Informed Consent and Ethics
In one section, Levy delves into how adult home and health care providers were exploiting residents" diminished mental abilities to gain consent for questionable medical procedures. Although Levy described them as open to suggestion and said one was "out of it," he persuaded about a dozen to give written authorization to examine their psychiatric and medical billing records.
1. Although state government eventually accepted the authorizations after giving him "a bit of a hard time," discuss the ethics of Levy"s actions.
2. Did his benevolent purposes justify his actions?
3. Although the law did not prohibit his actions, does the fact that he was writing a story that raised questions about exploiting the mentally ill impose a special ethical burden to avoid any actions that would give critics grounds for accusing him of taking advantage of vulnerable people?
4. Does his explanation satisfactorily explain his decision?
Managing Your Material
1. Levy was a methodical, well-organized reporter. After reviewing some of his methods, discuss other ways to organize the material to keep track of your records. In this discussion, lead the reporters to identify generic subject categories that are usually essential for every investigation such as a sources file, official documents file, project plans, tips, "what-I-know-now" summaries, to-do lists, interview files and story drafts. Discuss subject categories that specifically fit the "Broken Homes" investigation.
2. As the investigation proceeds, the material becomes voluminous to the point that dates, patterns and factual gaps are difficult to discern. Ask the class to discuss ways to maintain command of the material (i.e., start chronologies for individual case studies or for the entire investigation or both, etc.).
3. Discuss the importance of reviewing all of your notes"not just the ones that you may have highlighted as significant"at least once a week.
Following the Paper Trail
1. When Levy began the "Broken Homes" investigation, he did not know anything about the subject, which meant he did not know what records were kept and were available. Yet he built an unassailable, documented case.

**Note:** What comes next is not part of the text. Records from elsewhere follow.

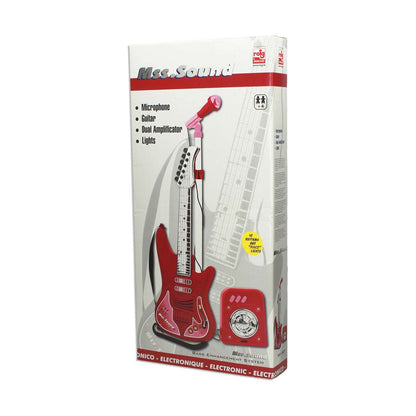 Baby Guitar Reig Microphone Red - YOKE FINDS 🇮🇪 IE 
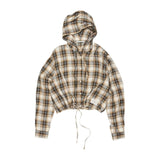 SS25 Hooded plaid overshirt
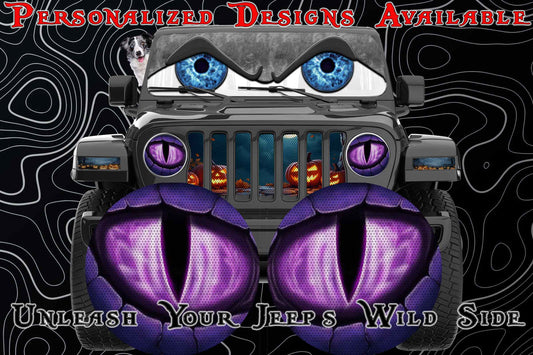 Purple dragon for a round beast headlight decal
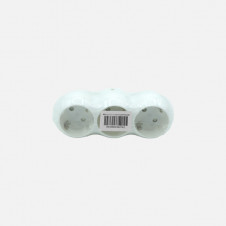 Eco Adaptador 3tomas Retractil Mod7 2p+e 16a 230v Blanco Protecc. Infantil 5x14x8cm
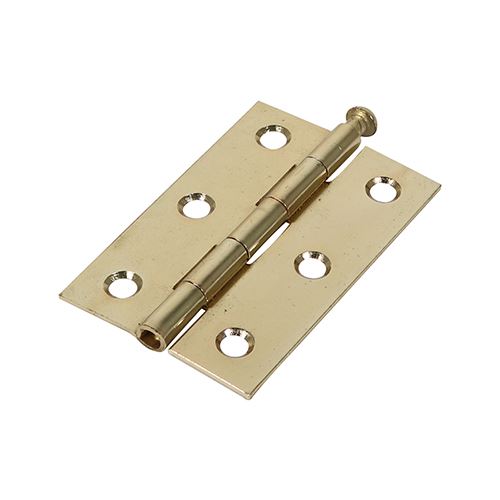 TIMCO Butt Hinge Loose Pin E/Brass 75 x 50 Pack 2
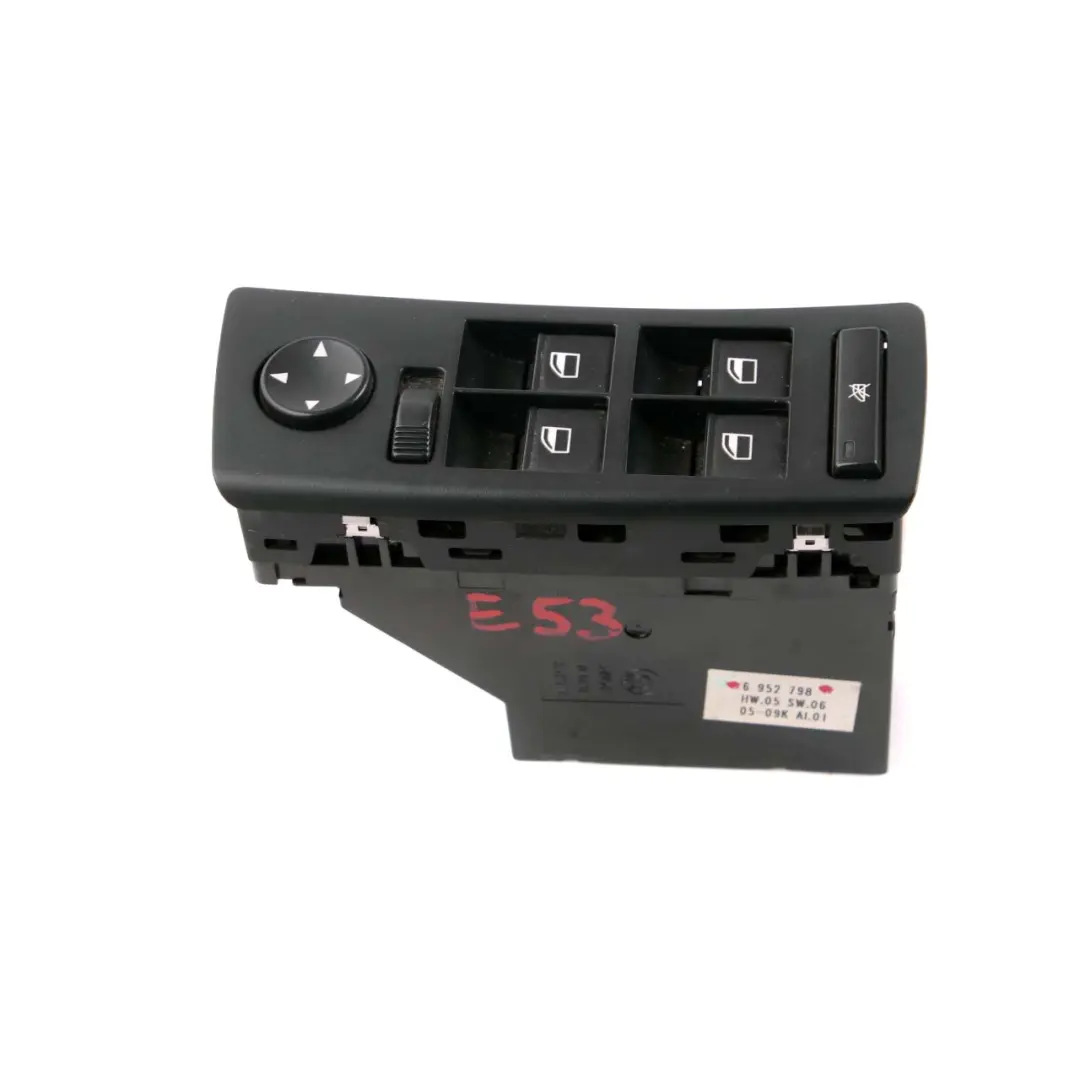 BMW X5 Series E53 Driver Door Window Lifter Control Switch Unit - SKU rhd-6925698 - Part number 6925698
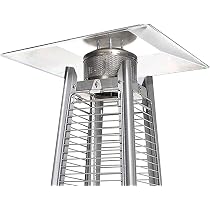 Bouclier Réflecteur Chaleur Pour Chauffage Terrasse - Dessus Remplacement Universel Aluminium 47x47cm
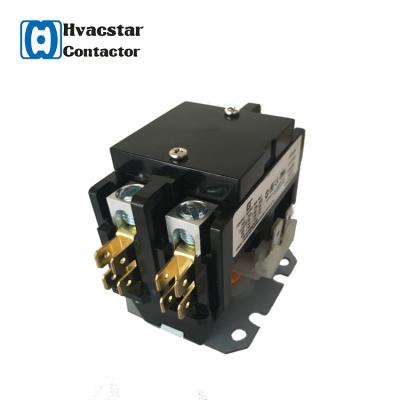 China Sliver Cadmium Oxide Tin Oxide /Indium Oxide 2 Pole 40A 24V DP contactors/AC magnetic contactor 3p 30amp 24-277v for sale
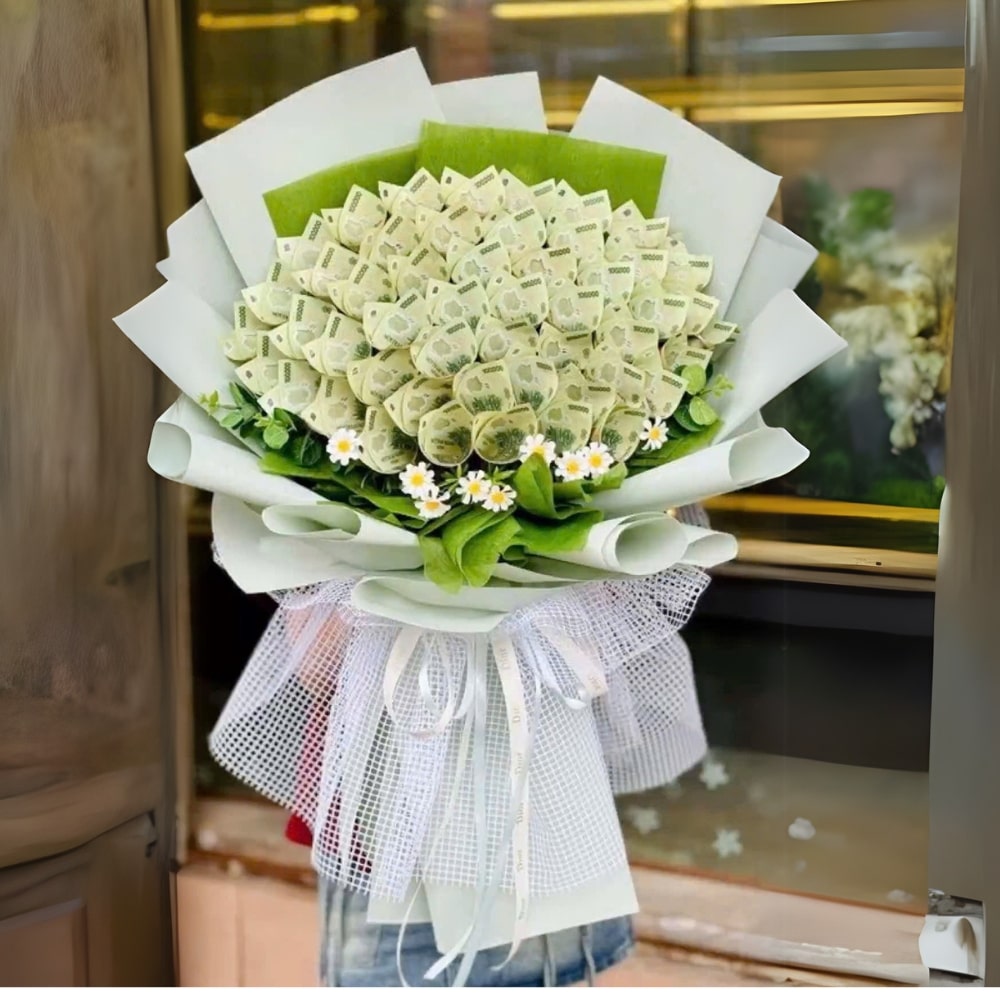 Bó hoa tiền 5 triệu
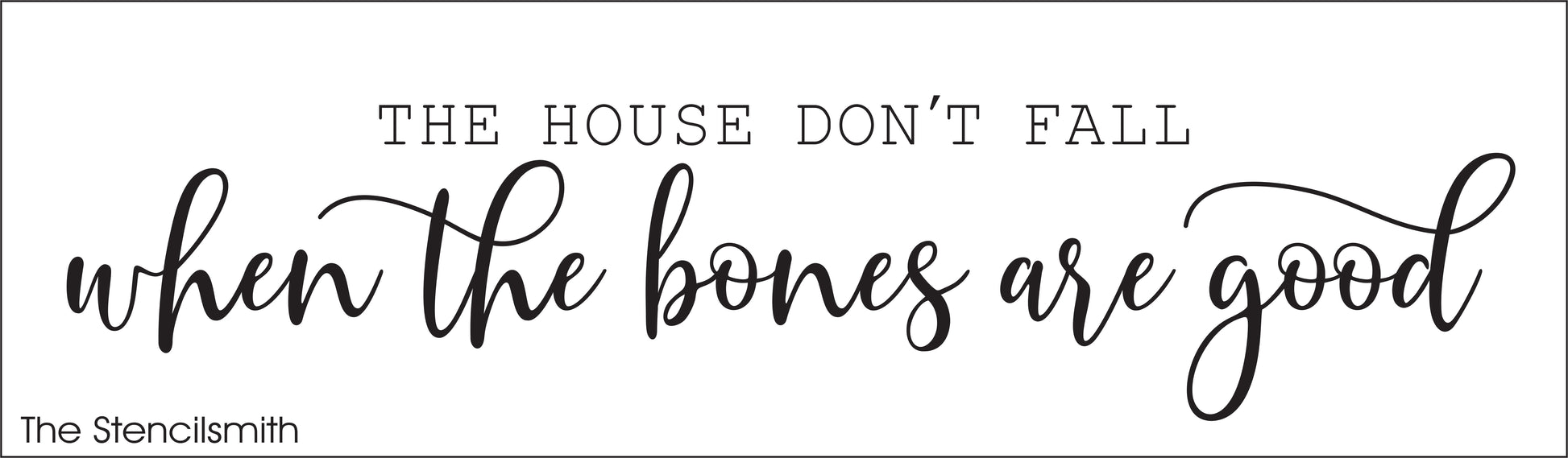 7548 - the house don't fall - The Stencilsmith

As a homework or classroom exercise, ask the class to go to www.pulitzer.org and read at least one of the stories in the series and identify the types of records Levy used. Discuss how he might have discovered that the records existed.
2. Note that Levy discovered that a 1994 law required adult homes for the mentally ill to report all deaths at their facilities to the state. Although that discovery did not produce any documents for his investigation because the homes had failed to comply with law, ask the class to discuss what Levy"s discovery teaches us about identifying useable records and documents in any project.
3. Before an investigative reporter can determine whether the adult home system or any system or government agency is working correctly and obeying the laws, what basic information must the reporter first obtain?
4. The Social Security Administration records were crucial to the project, especially because it was the only source for tracking down the deaths of people who resided in adult homes. Review how Levy came up with a creative way to get information he needed. Discuss how he was able to figure that out. The answer is a variation of the earlier prompt. Levy knew what type of information the SSA gathered even though a lot of it was considered confidential. But by learning that the SSA"s records had the specific addresses of the dead even though it would not release them, that knowledge helped Levy to figure out how to get that information despite the confidentiality rules.
To give a story vibrancy and color, reporters have to get out in the field where the events that they are investigating occurred. Ask the class to go through the story and identify examples of fieldwork. Interestingly, much of the information that came from inspection reports was very graphic and powerful. Although examining inspection reports is desk work rather than fieldwork, the reports are the products of fieldwork and thus contain a color that can give story energy.
Focusing on the Project
Discuss the emotional tug-of-war Levy experienced when terrorists struck in New York and Washington, D.C., on Sept. 11, 2001, in the middle of his project.
Levy advised students who hope to become journalists not to go to journalism schools. Instead, he urged them to study whatever interests them and join the college newspaper. Discuss how an education in journalism school fits the demands of the work-a-day reporters and editors and how a liberal arts education also prepares students for a journalism career.